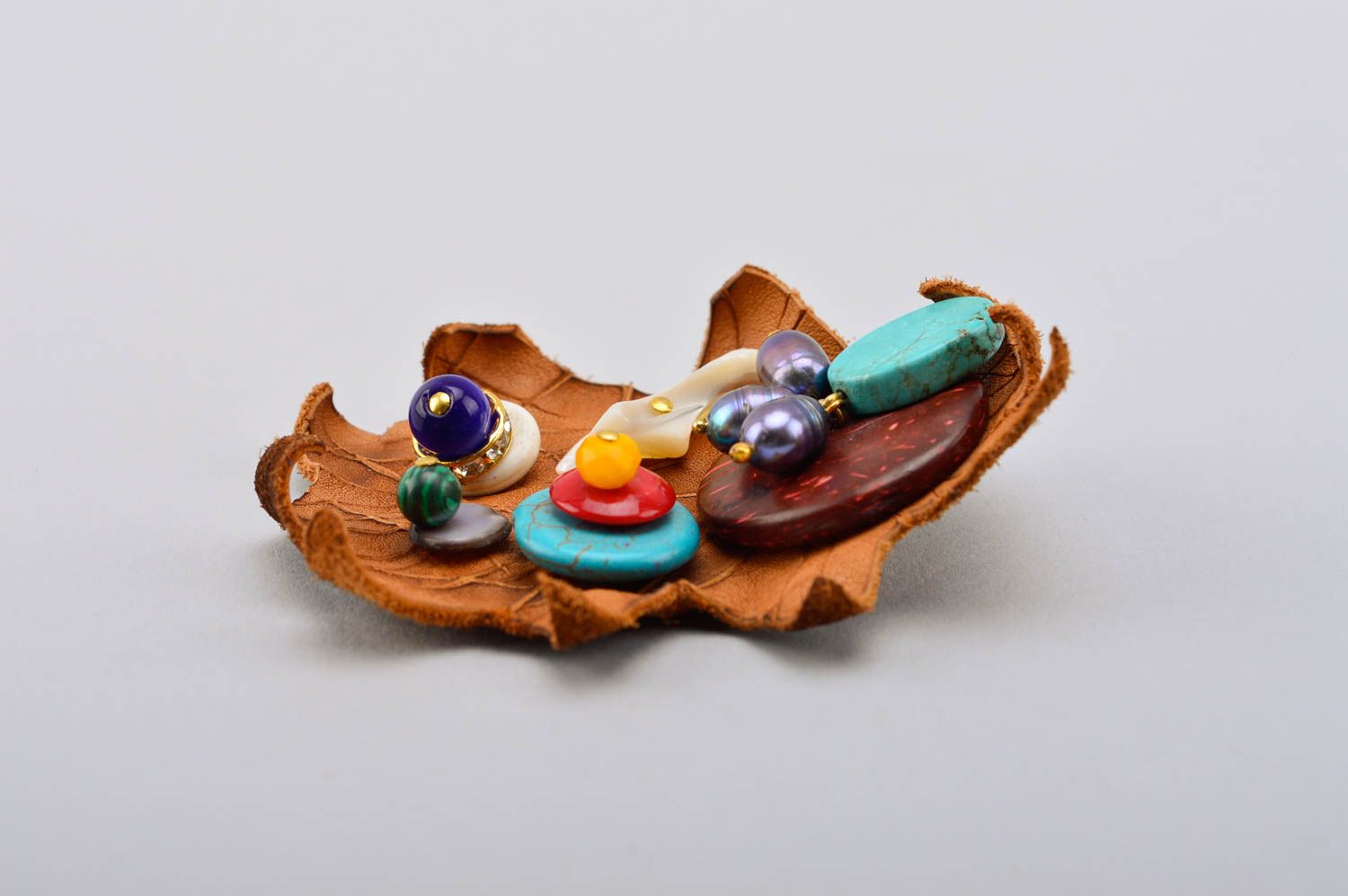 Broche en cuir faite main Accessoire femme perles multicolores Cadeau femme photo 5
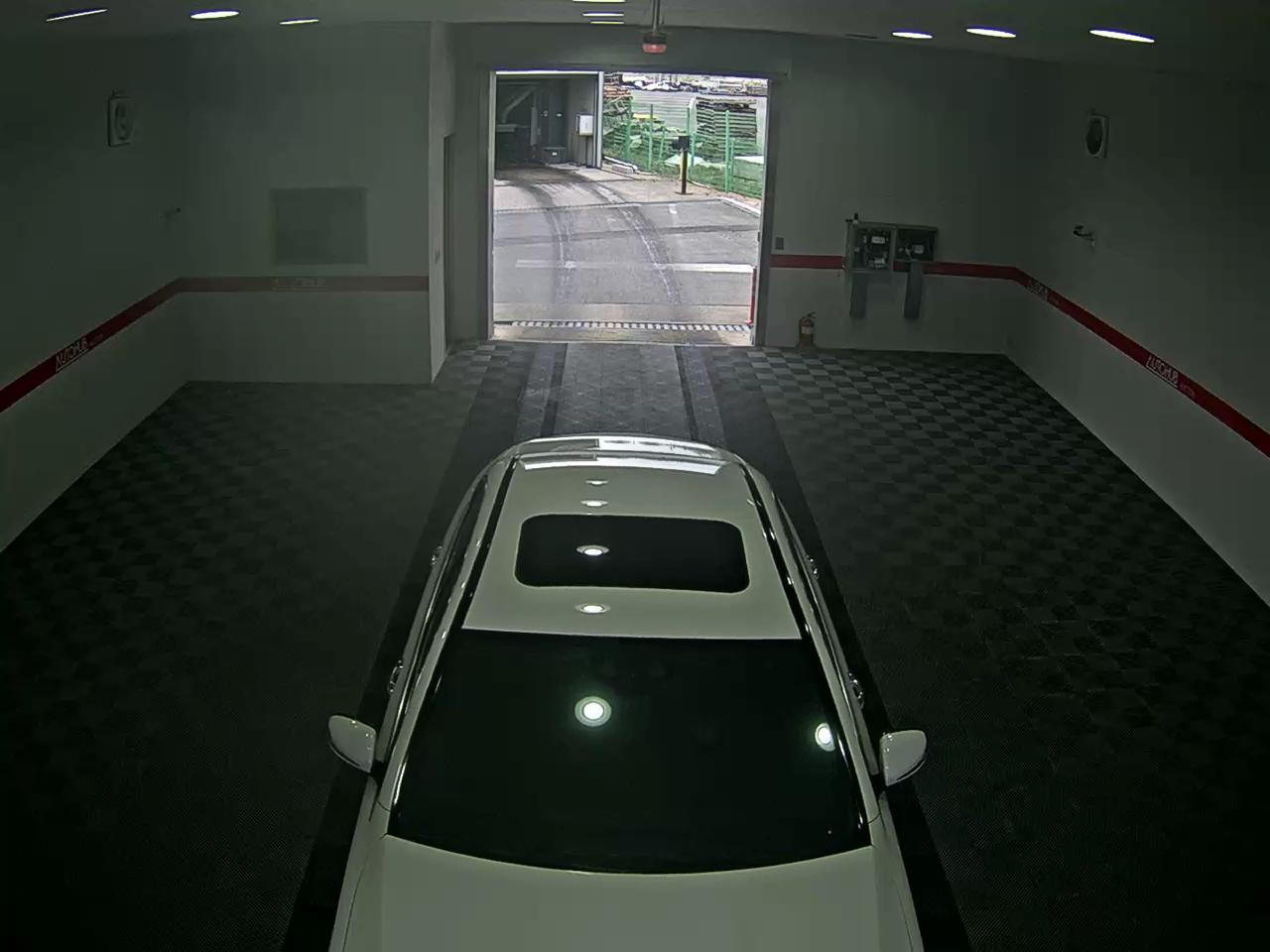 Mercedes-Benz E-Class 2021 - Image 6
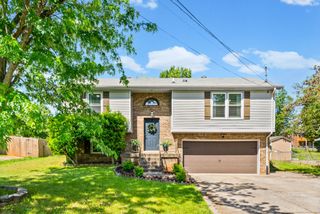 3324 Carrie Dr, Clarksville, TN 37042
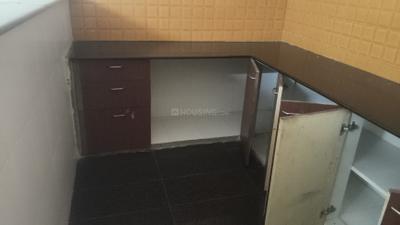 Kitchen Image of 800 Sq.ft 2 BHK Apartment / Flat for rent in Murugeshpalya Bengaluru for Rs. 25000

○ ○ ○

### What the exercise asks
An exact transcription of the material is required, without any pictures.

### Reply to the task
 Broche en cuir faite main Accessoire femme perles multicolores Cadeau femme photo 5
 Mercedes-Benz E-Class 2021 - Image 6
 3324 Carrie Dr, Clarksville, TN 37042
 Kitchen Image of 800 Sq.ft 2 BHK Apartment / Flat for rent in Murugeshpalya Bengaluru for Rs. 25000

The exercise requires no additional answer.